- _Task details_
Skip pictures in the listing below; copy exactly the lines from the one with "Perennials ~ Yucca" through the one with "BabaWan_Nursery", inclusive.

- _Exercise data_
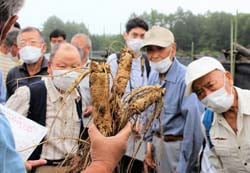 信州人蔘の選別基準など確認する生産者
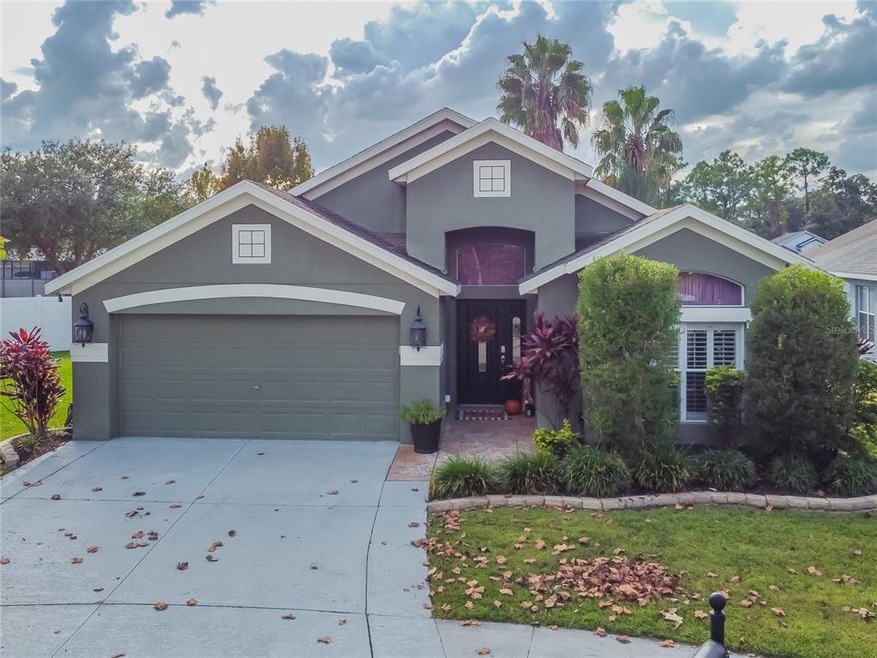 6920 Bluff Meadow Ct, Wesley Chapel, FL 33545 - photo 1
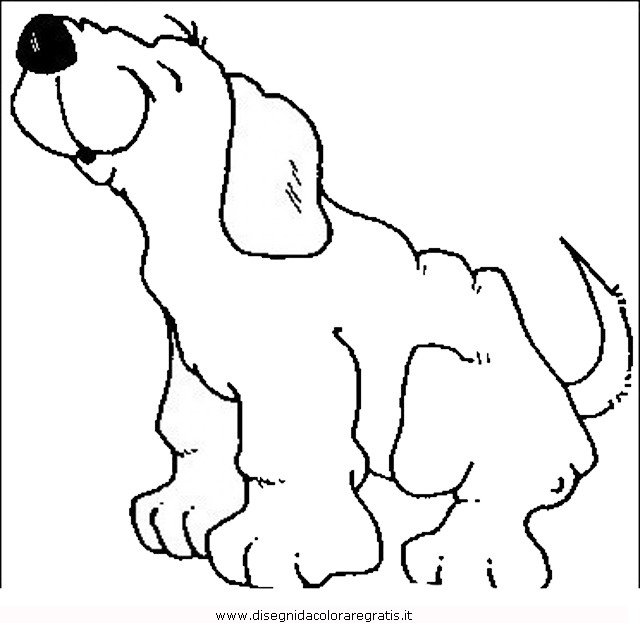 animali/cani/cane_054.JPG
...
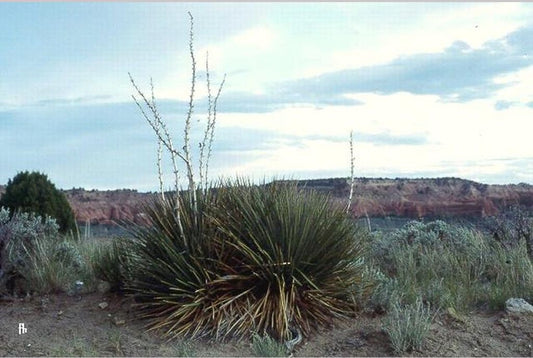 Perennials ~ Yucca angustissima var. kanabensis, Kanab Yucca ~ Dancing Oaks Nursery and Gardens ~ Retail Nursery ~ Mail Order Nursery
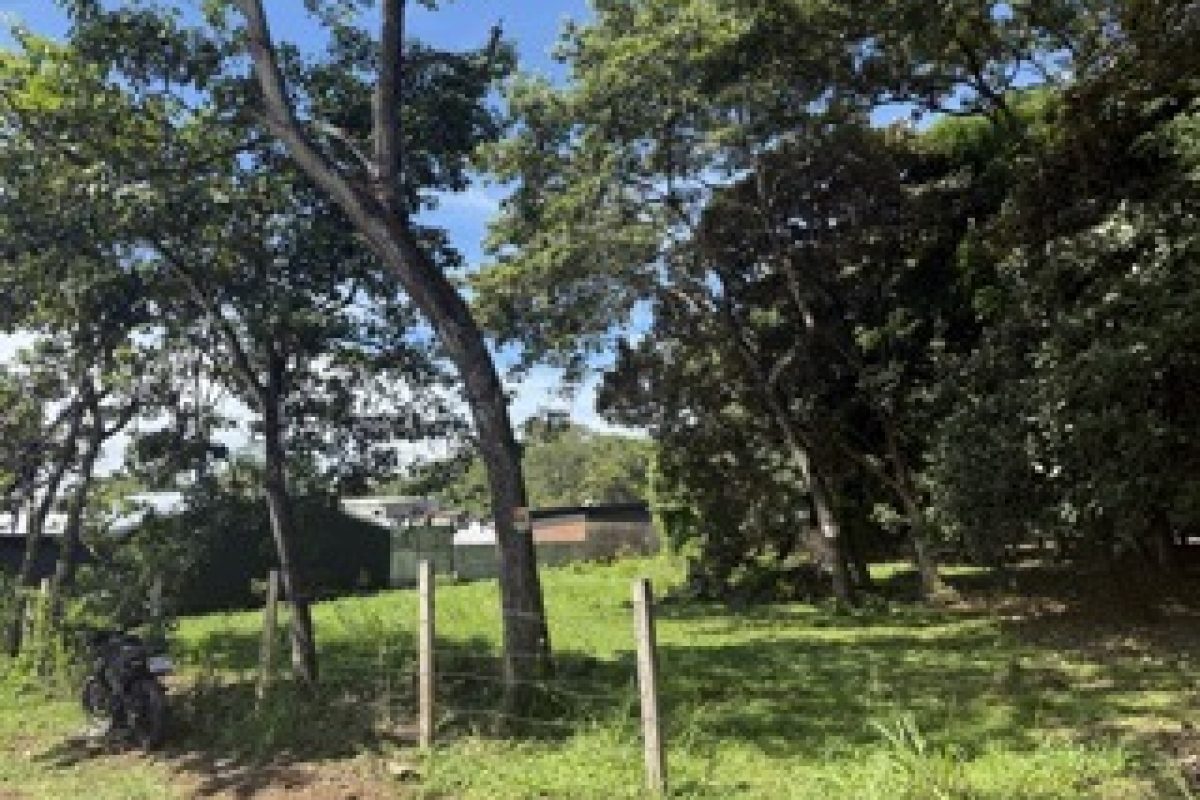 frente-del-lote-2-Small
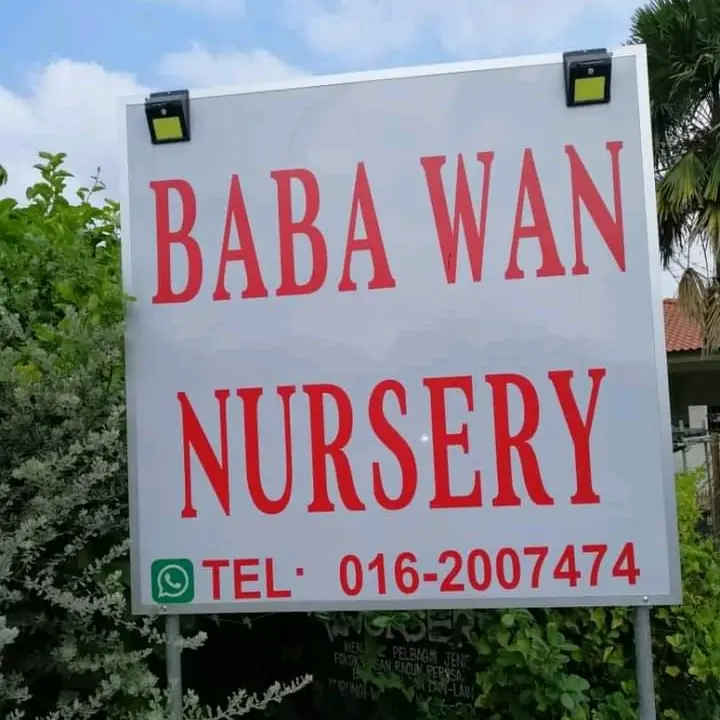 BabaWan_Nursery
==
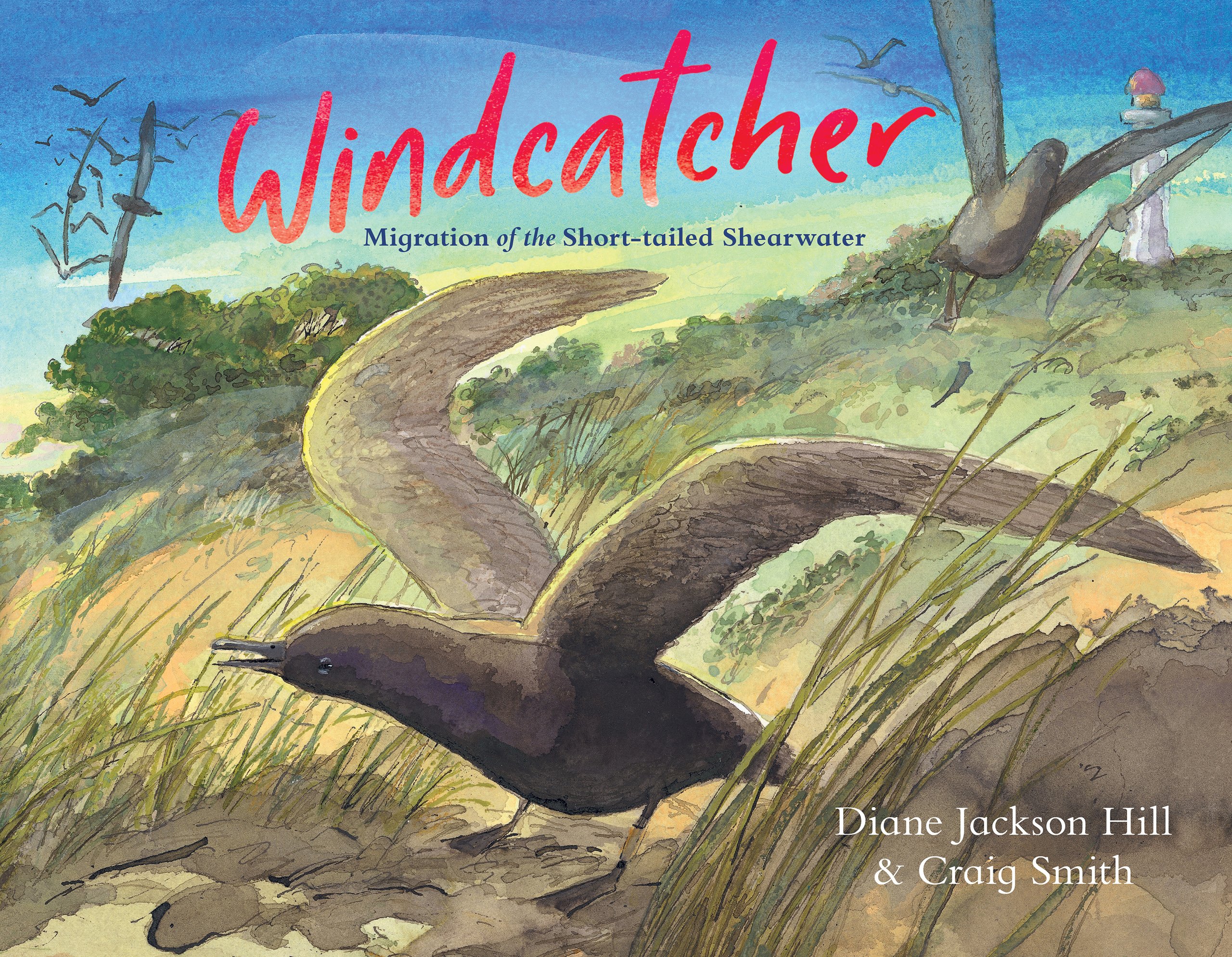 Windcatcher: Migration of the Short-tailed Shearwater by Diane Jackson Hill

- _Answer to this exercise_
 Perennials ~ Yucca angustissima var. kanabensis, Kanab Yucca ~ Dancing Oaks Nursery and Gardens ~ Retail Nursery ~ Mail Order Nursery
 frente-del-lote-2-Small
 BabaWan_Nursery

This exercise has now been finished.